Business Law


A franchise is an agreement to license a business. The business owner is called the franchisor. The person who gets the right to operate the business is the franchisee. The agreement lets the franchisee operate a business using the franchisor's intellectual property.

Advantages of Franchising

A recognized, proven business model. When you buy a franchise you get a business model someone else has successfully developed. You get established and recognized trademarks, service marks and trade names. You get the goodwill and other rights associated with the franchised business. You get a turn-key operation.

Training and assistance. The franchisor should help train you to run the business. Established franchises will have market research to help you find a good place to locate the business.The franchisor usually has strict rules and standards as to how business is conducted. The rules cover things like the goods and services to be sold and the design and construction of the business facility.
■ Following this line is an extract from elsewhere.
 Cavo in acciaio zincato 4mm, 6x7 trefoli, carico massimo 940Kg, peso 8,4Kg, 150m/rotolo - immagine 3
Financing. Lenders may be willing to lend you money if you're opening an established and successful franchise. They may be less willing to lend money to an entrepreneur seeking to open an unproven business. A franchise with well-known and well-accepted products or services can significantly reduce business risks and enable you to own and operate a business on your own with no previous experience.

Buying a Franchise

If you're approved as a franchisee you'll have to pay for the right to run the business. You'll have to make an up-front payment to the franchisor. Then you'll pay the franchisor a percentage of sales monthly.

Your total investment in the franchise will be much more than the up-front fee. This includes all your start-up costs, leased space, capital costs and working capital. Often the franchisor will have special equipment and fixtures you must buy from them or their suppliers. Check to see if you pay the franchisor's cost or if there is a markup.
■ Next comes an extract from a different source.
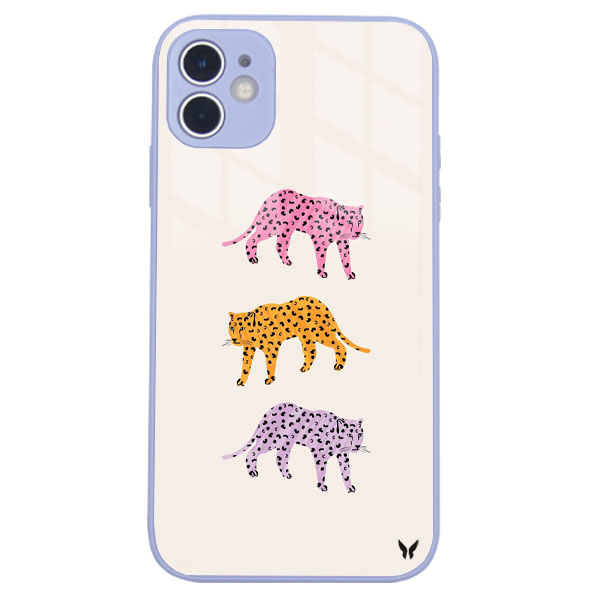 Üç Leopar Glossy Telefon Kılıfı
If you're considering franchising, you'll want to carefully investigate:

  • The specific costs
  • Financing availability
  • Expected earnings
  • Franchise agreement length

Types of Franchises

Basically, there are three types of franchised businesses:

  • Distributorships. In this kind of franchise, a manufacturer grants someone the right to sell his product. The franchisee may be given an exclusive right to sell the product within a specified territory. These are known as product franchises
  • Business format franchises. Here, the franchisee operates his business under the franchisor's trade name. The franchisee is identified as a member of a select group of dealers. The franchisee must follow set operating methods. The goal of the franchisor is to build nationwide or worldwide consumer recognition and acceptance of trademarks and the products and services associated with them
  • Manufacturing or processing plant. The franchisor licenses the essential ingredients or formula for making a product. The franchisee makes the product to the franchisor's standards and sells it either at wholesale or retail


Franchise opportunities are heavily regulated. Both federal and state laws apply. They're needed because the control the franchisor has over the franchisee can be abused.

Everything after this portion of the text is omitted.